→ Task directions
Only the pictures are to be left out; please reproduce everything else in the data exactly.

→ Information provided
------
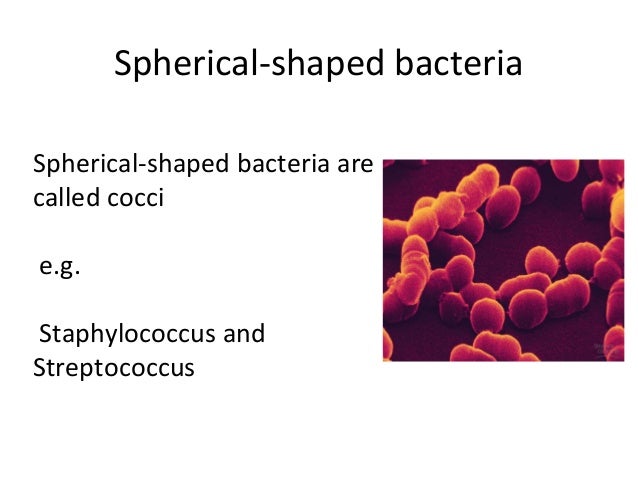 bacteria examples of bacteria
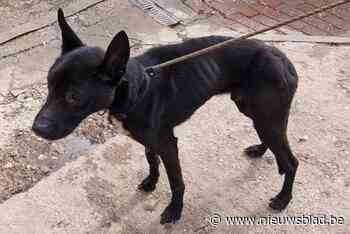 Ondervoede honden in beslag genomen: “Beelden spreken voor zich”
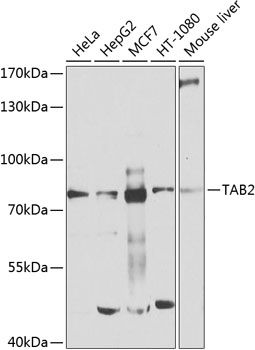 TAB2 antibody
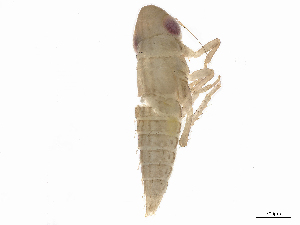  ( - 08JUN22-9B-3)  @11 [ ] CreativeCommons - Attribution Share-Alike (2024) CBG Photography Group Centre for Biodiversity Genomics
------
→ Exercise answer
 bacteria examples of bacteria
 Ondervoede honden in beslag genomen: “Beelden spreken voor zich”
 TAB2 antibody
  ( - 08JUN22-9B-3)  @11 [ ] CreativeCommons - Attribution Share-Alike (2024) CBG Photography Group Centre for Biodiversity Genomics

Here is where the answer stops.